Fastapi: [QUESTION] Is this the correct way to save an uploaded file ?

Created on 11 Aug 2019  Â·  18Comments  Â·  Source: tiangolo/fastapi

Hello,
i am trying to save an uploaded file to disk, the following code works correctly but i wonder if it is the correct way to do that.

def parse(file: UploadFile = File(...)):

    extension = os.path.splitext(file.filename)[1]
    _, path = tempfile.mkstemp(prefix='parser_', suffix=extension)

    with open(path, 'wb') as f:
        f.write(file.file.read())

Basically i need to get the path of the temp file.
I also have tried with .rollover() but file.file.name does not return the path (only the file descriptor)

question

Most helpful comment

@classywhetten FastAPI has almost no custom logic related to UploadFile -- most of it is coming from starlette. So if you want a "save" wrapper or a better example of usage, it probably makes sense to ask in the starlette repo.

@damianoporta This line:

_, path = tempfile.mkstemp(prefix='parser_', suffix=extension)

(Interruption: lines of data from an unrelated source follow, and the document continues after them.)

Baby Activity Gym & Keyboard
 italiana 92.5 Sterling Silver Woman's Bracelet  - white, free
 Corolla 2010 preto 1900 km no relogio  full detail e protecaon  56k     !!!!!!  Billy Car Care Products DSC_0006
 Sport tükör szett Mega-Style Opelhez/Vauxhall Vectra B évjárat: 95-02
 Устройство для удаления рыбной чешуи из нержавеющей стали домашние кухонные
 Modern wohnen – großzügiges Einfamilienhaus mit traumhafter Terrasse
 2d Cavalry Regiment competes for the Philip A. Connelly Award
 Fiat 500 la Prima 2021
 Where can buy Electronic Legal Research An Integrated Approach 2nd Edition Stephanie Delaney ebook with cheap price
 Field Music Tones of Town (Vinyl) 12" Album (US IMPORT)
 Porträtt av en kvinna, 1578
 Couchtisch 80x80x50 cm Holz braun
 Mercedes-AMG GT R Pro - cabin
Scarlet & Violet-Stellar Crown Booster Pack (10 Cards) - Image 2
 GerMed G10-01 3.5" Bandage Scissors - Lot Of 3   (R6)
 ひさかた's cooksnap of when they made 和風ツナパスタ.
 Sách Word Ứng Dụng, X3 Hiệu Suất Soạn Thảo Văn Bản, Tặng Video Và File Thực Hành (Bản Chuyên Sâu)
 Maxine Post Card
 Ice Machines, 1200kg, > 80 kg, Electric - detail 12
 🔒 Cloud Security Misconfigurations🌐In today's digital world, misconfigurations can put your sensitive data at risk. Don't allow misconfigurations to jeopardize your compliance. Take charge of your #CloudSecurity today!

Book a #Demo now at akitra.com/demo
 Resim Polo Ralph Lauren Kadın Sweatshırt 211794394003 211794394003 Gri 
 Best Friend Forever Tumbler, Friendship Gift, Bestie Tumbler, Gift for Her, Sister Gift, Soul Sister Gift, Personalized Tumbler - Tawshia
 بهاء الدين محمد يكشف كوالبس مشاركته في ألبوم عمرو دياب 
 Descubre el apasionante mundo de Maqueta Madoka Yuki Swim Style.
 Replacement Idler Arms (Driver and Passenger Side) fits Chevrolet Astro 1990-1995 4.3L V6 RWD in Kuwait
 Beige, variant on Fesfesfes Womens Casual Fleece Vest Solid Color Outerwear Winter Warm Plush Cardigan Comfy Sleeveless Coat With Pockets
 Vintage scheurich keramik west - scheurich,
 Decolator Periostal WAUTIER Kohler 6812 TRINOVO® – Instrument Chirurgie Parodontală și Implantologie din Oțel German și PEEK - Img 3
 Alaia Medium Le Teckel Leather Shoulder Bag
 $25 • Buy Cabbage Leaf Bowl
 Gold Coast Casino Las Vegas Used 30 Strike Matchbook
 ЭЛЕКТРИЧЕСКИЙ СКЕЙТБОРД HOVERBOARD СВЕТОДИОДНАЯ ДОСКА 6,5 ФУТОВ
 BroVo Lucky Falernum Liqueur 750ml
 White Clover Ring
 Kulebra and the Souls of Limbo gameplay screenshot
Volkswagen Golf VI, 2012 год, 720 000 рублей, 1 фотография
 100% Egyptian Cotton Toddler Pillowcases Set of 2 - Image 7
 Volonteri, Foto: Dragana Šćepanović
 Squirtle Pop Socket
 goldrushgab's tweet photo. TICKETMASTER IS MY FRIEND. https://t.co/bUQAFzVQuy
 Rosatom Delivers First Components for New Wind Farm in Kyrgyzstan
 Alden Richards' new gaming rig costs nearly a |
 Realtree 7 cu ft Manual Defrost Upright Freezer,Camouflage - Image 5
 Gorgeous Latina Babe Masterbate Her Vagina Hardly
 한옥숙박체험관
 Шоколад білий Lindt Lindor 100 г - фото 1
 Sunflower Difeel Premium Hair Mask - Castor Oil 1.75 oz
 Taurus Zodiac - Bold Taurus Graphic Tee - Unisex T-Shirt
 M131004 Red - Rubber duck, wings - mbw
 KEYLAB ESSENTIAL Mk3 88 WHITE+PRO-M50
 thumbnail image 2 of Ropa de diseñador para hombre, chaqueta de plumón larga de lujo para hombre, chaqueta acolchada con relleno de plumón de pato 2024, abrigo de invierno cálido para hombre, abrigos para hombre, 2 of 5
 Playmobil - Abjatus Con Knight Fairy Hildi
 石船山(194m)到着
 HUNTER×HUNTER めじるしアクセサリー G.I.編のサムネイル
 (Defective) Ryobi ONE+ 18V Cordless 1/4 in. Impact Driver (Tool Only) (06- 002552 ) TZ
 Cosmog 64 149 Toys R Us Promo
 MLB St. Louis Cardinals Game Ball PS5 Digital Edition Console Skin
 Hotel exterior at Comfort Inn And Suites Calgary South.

causes the file with location path to actually be opened by python, which is what @vitalik was referring to when he said you need to close the tempfile handle (which is the thing named _ in your code).


Here are some utility functions that the people in this thread might find useful (at least as a starting point):

import shutil
from pathlib import Path
from tempfile import NamedTemporaryFile
from typing import Callable

from fastapi import UploadFile


def save_upload_file(upload_file: UploadFile, destination: Path) -> None:
    try:
        with destination.open("wb") as buffer:
            shutil.copyfileobj(upload_file.file, buffer)
    finally:
        upload_file.file.close()


def save_upload_file_tmp(upload_file: UploadFile) -> Path:
    try:
        suffix = Path(upload_file.filename).suffix
        with NamedTemporaryFile(delete=False, suffix=suffix) as tmp:
            shutil.copyfileobj(upload_file.file, tmp)
            tmp_path = Path(tmp.name)
    finally:
        upload_file.file.close()
    return tmp_path


def handle_upload_file(
    upload_file: UploadFile, handler: Callable[[Path], None]
) -> None:
    tmp_path = save_upload_file_tmp(upload_file)
    try:
        handler(tmp_path)  # Do something with the saved temp file
    finally:
        tmp_path.unlink()  # Delete the temp file

(I haven't tested the above functions, just adapted them from slightly more complex functions in my own code.)

Note: you'd want to use the above functions inside of def endpoints, not async def, since they make use of blocking APIs.

I don't know whether it handles out-of-memory issues reasonably well or not, but that is not an issue in my application -- maximum request size is capped elsewhere, and the volume of concurrent requests I'm currently handling is such that OOM isn't really an issue.

All 18 comments

1)

It's not clear why you making a tempfile - UploadFile already does that under the hood if file size is larger then some configured amount.

2)
file.file.read() - this line can "eat" your entire memory if uploaded file size is larger than free memory space

you would need to read(chunk_size) in loop and write chunks to the copy

@vitalik i must save the file on the disk. I know UploadFile stores the file if it is larger than free mem space but i have to save all the files i receive.

well my point is - why you use tempfile ?...

from you code looks like you do not close the tempfile handle correctly (your "_" variable)

read more - https://www.logilab.org/blogentry/17873

@vitalik any suggestions of a good chunk size?

@vitalik any suggestions of a good chunk size?

to solve the out of memory issue the maximum chunk size should be:

chunk_size = free_ram / number_of_max_possible_concurent_requests

but these days 10kb should be enough for any case I guess

@vitalik because i have another library that waits a path. I use textract to read the content of the files (.pdf, .doc etc) Unfortunately i cannot pass an already opened file, so i thought to save it and then pass the path to that library.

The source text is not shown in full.